To be fair, none of this means that global economic growth is either booming or problem-free. Neither is true. Global growth has slowed this year, and the decline is particularly pronounced in advanced economies, including the US, not just the UK. Growth, both in developed and developing economies, is one of the main causes of the global climate crisis and therefore cannot be ignored.
But we must say that Britain is at the back of the field and the gap with the leading group has increased. There is a danger that the UK will lose touch with its competitors. It will be an indelible legacy for any government that follows Sunak. True, not all reasons lie behind the government’s doors. Yet many do – two of them in particular.
One is the short-term legacy of the Liz Truss/Kwasi Kwarteng tax cut budget, which led to higher taxes, higher borrowing costs, higher interest rates, a contraction in the housing market and lower market confidence. Another is Brexit, which continues to hurt UK business and create major shortages in the labor market, particularly in health services. The UK’s relatively high dependence on imported gas at a time when energy prices have soared has not helped either.
However, to read some right-wing British newspapers this week, it’s as if the events of last autumn never happened. Newspapers such as the Daily Telegraph and Daily Mail not only deny the economic damage from Brexit, but this week claimed that the response to everything Tax reduction. If the economy is failing, taxes should be cut. If it’s booming, it’s time to cut taxes. This is as vague and nonsensical as Douglas Adams’ claim that the answer to everything is 42.
However, in this article, these articles speak to and for an important strand in the Conservative Party that Sunak will find difficult to manage, including in Westminster. It’s a strand that sees government as a problem and taxes as bad, that thinks both must be cut to kill economic growth, backed the Terrace last summer and, if either tries to topple Boris Johnson – and maybe Even Sula Braverman – supports it. Sunak this year.
All this leaves Sunak and the more cautious majority of the conservative parliamentary party in a bind, unable to get the government or, more importantly, the country out of it. Before the election there is neither time nor resources for the Conservatives. The tasks that Sunak sets for them in Checkers seem insurmountable now.

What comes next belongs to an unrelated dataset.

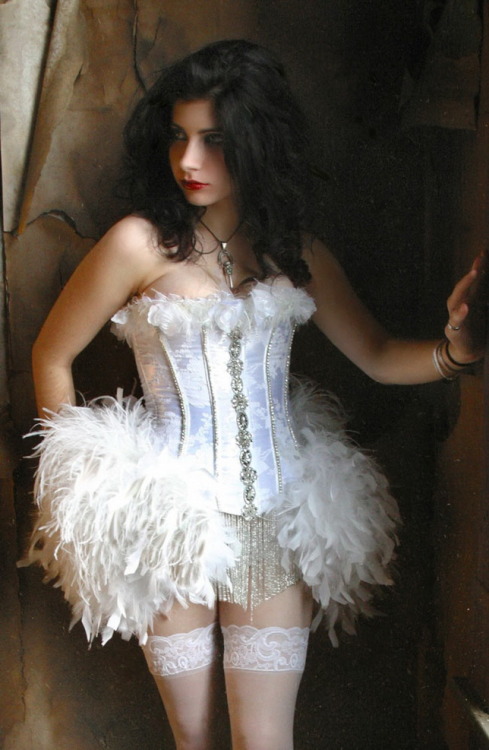 corset-fetish:Corset http://corset-fetish.tumblr.com/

Many conservatives will spare their pity. However, this still leaves the UK in an economic policy bind, with less policy flexibility than other countries to generate wealth in the incomes and taxes that enable households to cope, businesses to innovate and trade and It enables the government to start repairing public services. . This is a national crisis, not just a party political crisis. It also limits Labour’s options.
There are many growth strategies for Labor to employ that do not necessarily involve tax cuts or increases. Supporting new technology and green energy economies through public-private partnerships is a long-term interest of many labor strategists. Investing in education and childcare to get more people back into the labor market is another.
But there are more political issues, such as increasing immigration or reforming (rather than just liberalizing) planning laws, both of which are unpopular with many people. Britain must also understand the sting of Brexit and improve access to and from European markets.
However, few of these offer quick fixes, and if the UK is further behind the pack in 2024, the gap will widen and inequalities will become even harder to overcome. A new government is definitely a necessary answer to Britain’s problems. But no one should pretend that is enough.